**INPUT FOR THIS TASK**
# # # # #
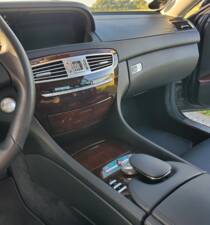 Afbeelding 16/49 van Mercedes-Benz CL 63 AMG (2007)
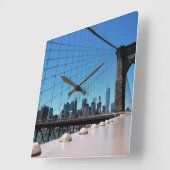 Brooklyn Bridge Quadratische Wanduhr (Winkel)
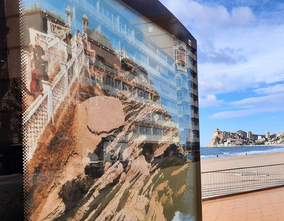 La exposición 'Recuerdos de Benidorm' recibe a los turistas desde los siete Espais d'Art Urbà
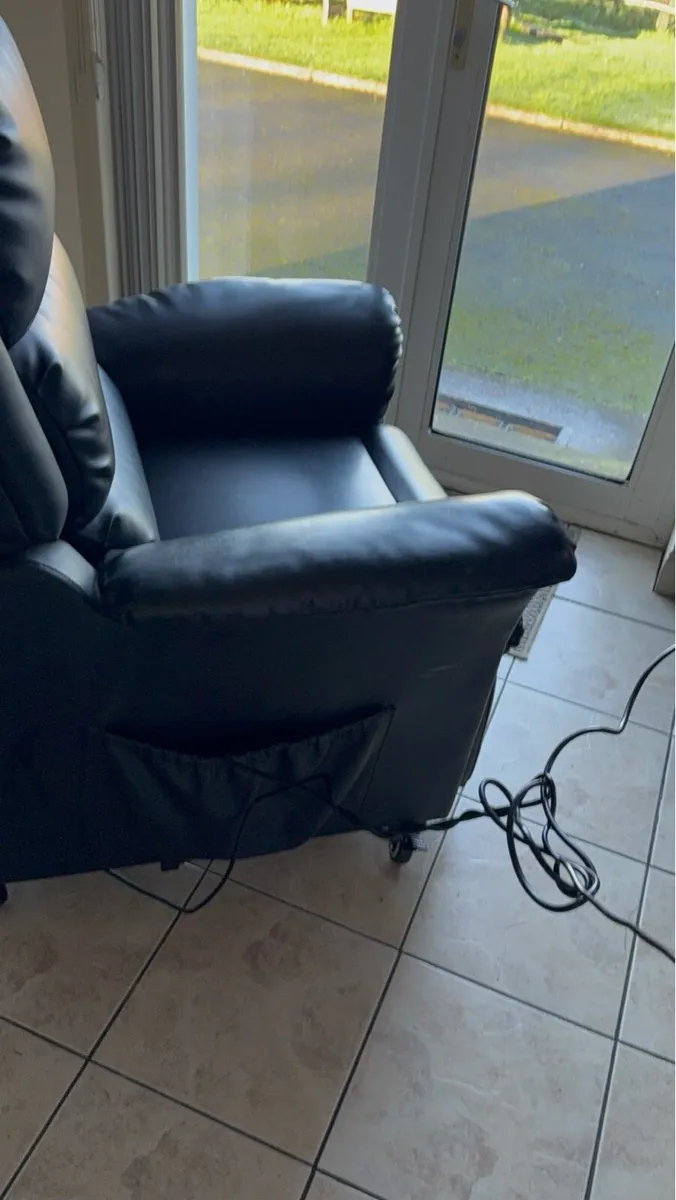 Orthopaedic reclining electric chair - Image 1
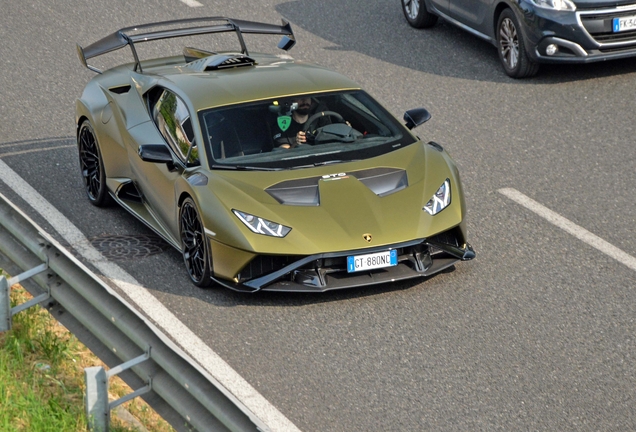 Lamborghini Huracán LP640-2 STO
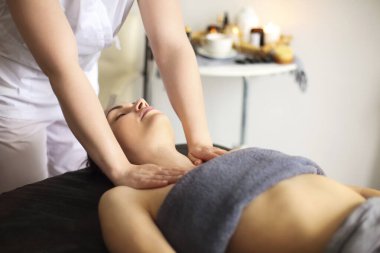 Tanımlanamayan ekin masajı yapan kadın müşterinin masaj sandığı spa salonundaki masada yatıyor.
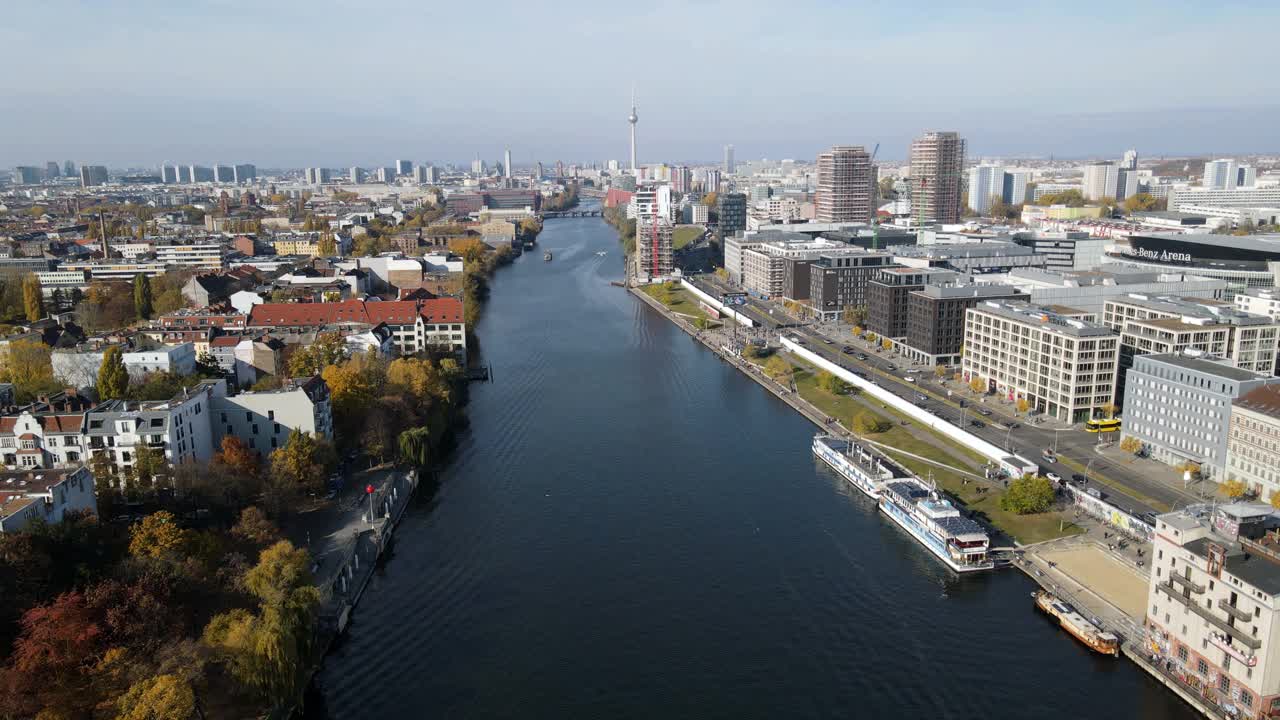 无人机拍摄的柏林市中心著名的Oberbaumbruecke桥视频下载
# # # # #
**EXERCISE OBJECTIVE**
Please retype exactly the lines from the one containing "Lamborghini Huracán LP640-2 STO" through the last line of the records, both included, leaving out every picture.

**OUTPUT**
 Lamborghini Huracán LP640-2 STO
 Tanımlanamayan ekin masajı yapan kadın müşterinin masaj sandığı spa salonundaki masada yatıyor.
 无人机拍摄的柏林市中心著名的Oberbaumbruecke桥视频下载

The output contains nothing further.